Pour lui, "c'est dans le respect de la diversité, des identités, qu'on gagnera des députés à l'Assemblée nationale". Sinon "ce sera sans moi", a-t-il prévenu.
Alors que la question de la "désobéissance" aux traités européens, défendue par les Insoumis, est en débat entre LFI et EELV, Yannick Jadot a expliqué qu'il n'était "pas pour un système de l'Europe à la carte".
"Je ne suis pas prêt à mettre un pied dans une logique où chaque pays va choisir les thèmes sur lesquels il est prêt à avoir une souveraineté partagée", a-t-il dit.
"Mon parti ne dira pas ok sur le point de la désobéissance civile aux traités de l'Union européenne, telle que conçu par Jean-Luc Mélenchon. S'il le fait, je ne serai pas d'accord avec cet accord-là", a-t-il assuré.
Yannick Jadot a par ailleurs confirmé qu'il ne rejoindrait pas le gouvernement si Emmanuel Macron le lui proposait. "Les débauchages, ça ne sert à rien".
Mais "si ce président de la République décide enfin d'agir pour le climat, évidemment nous (le) soutiendrons (...), ce quinquennat ne peut pas être un nouveau quinquennat inutile, un nouveau quinquennat de l'inaction", a-t-il affirmé.
«Partenariat respectueux»
Julien Bayou objecte que LFI "ne prend pas les mêmes critères de gagnabilité".
Il confie que le pôle écologiste a une revendication majeure, la construction d'une "coalition", et non l'inclusion dans une "Union populaire".
"On ne veut pas faire la présidentielle bis, l'Union populaire ripolinée ferait le score des Insoumis", dit-il, prônant "une coalition pour nous additionner".
Symptomatique de ces arguties, le logo à présenter aux électeurs les 12 et 19 juin. Manuel Bompard consent à ce que l'Union populaire ait pour "sous-titre" ou "dans la charte graphique", le mot "écologie". Tandis qu'EELV réclame une présence dans le nom même de la coalition.
Même s'il souhaite un accord, l'ancien patron d'EELV, l'eurodéputé David Cormand, cogne fort contre les Insoumis: "Ils pensent qu'on fait la manche alors qu'on veut un partenariat respectueux. Ils veulent nous invisibiliser, demandent d'entrer dans l'Union populaire et ainsi d'admettre tacitement qu'il n'y a plus d'utilité à un parti écologiste".
La relation avec les communistes est aussi refroidie.
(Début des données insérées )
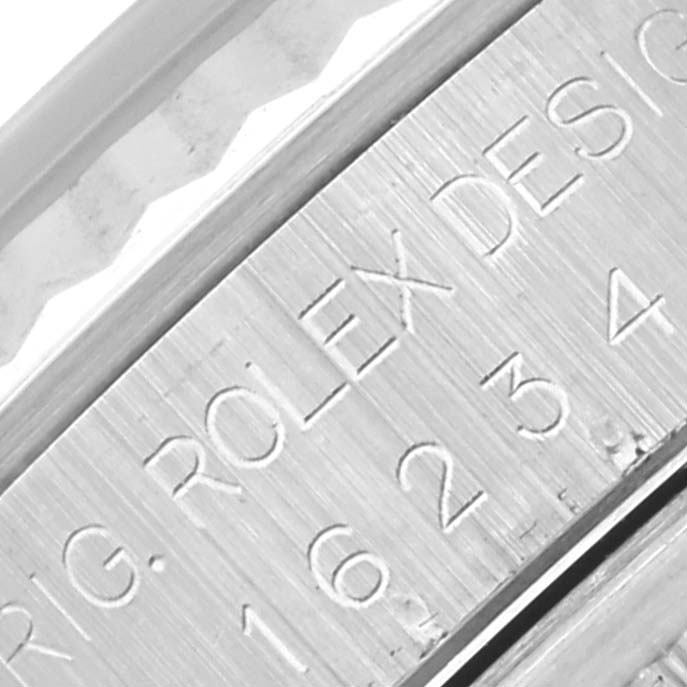 This image shows the engraved side of a Rolex Datejust 16234 Men's Stainless Steel Silver Dial 16234 Men's Stainless Steel Silver Dial watch case, highlighting the model's reference details.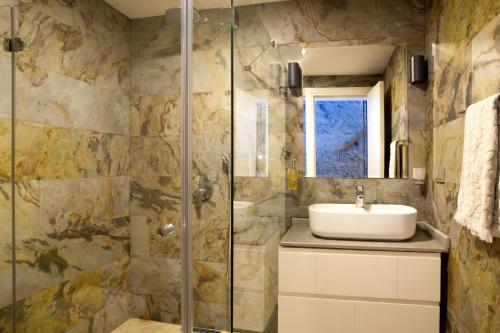 a bathroom with a sink and a shower at Villa Calista by Important Group Travel in Yalıkavak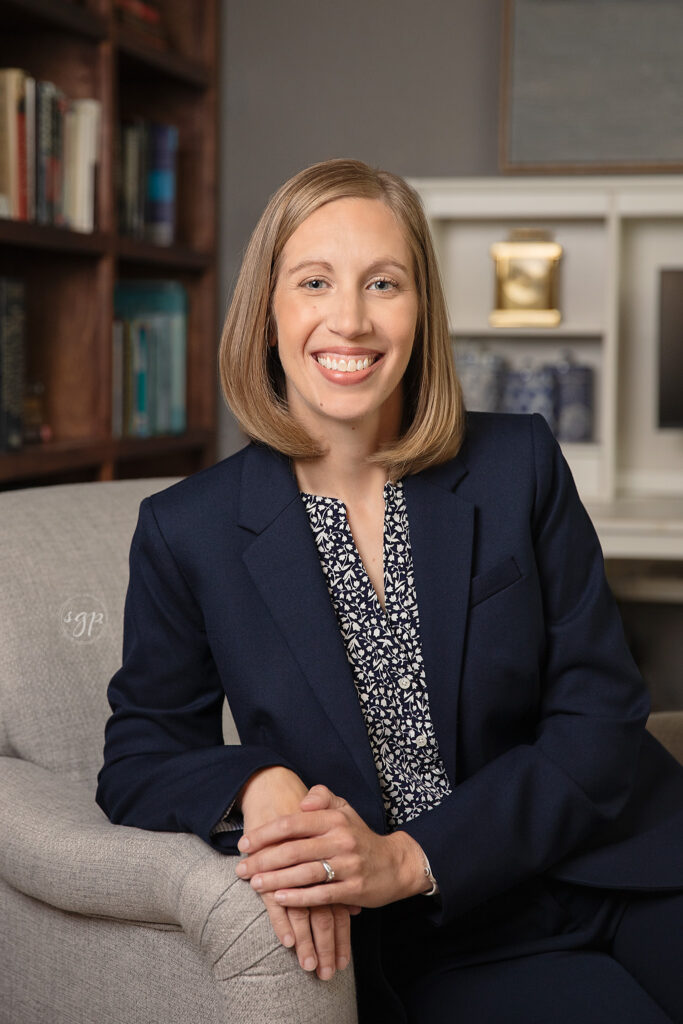 woman wearing navy blazer sits on gray armchair in office for lifestyle headshot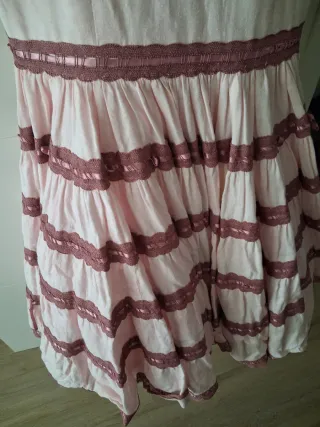 Traje de flamenca rosa con volantes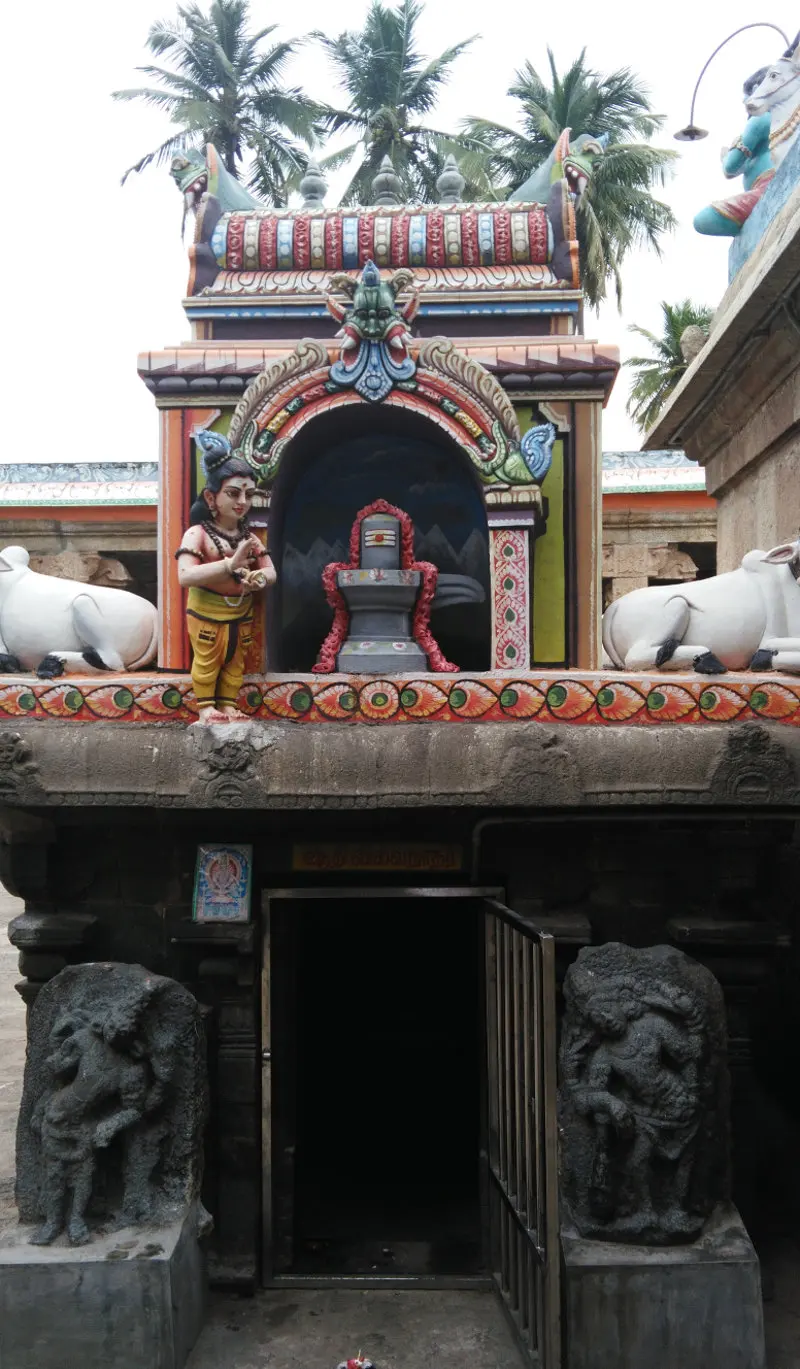 A shrine with a garlanded lingam in an arch, a painted figure beside it, and two stone figures at the door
Fabien Roussel aimerait que les socialistes soient inclus dans l'accord pour renforcer la coalition, quitte à temporiser pour le faire comprendre à LFI. Il n'y a donc pas eu de réunions le weekend dernier et les négociations ont repris seulement lundi soir. "On a perdu quatre jours", soupire Manuel Bompard.
Côté PS en revanche, un chemin s'ouvre. LFI a proposé une rencontre mercredi, que les socialistes ont acceptée, ont indiqué les deux parties à l'AFP. La retraite à 60 ans ne convainc pas sur le plan financier les cadres du PS, qui veulent rester ouverts sur cette question pourtant cruciale pour LFI.
Un cadre socialiste prévient: "Si Mélenchon veut que cette coalition dure, il n'a pas intérêt à nous tordre le bras. Mais il peut parfaitement nous humilier et nous faire disparaître de l'Assemblée".
Dans Le Parisien, l'ex-Premier ministre Lionel Jospin juge "positif pour (le PS) de participer à un accord électoral de toute la gauche. A condition qu’on ne cherche pas à l’écraser".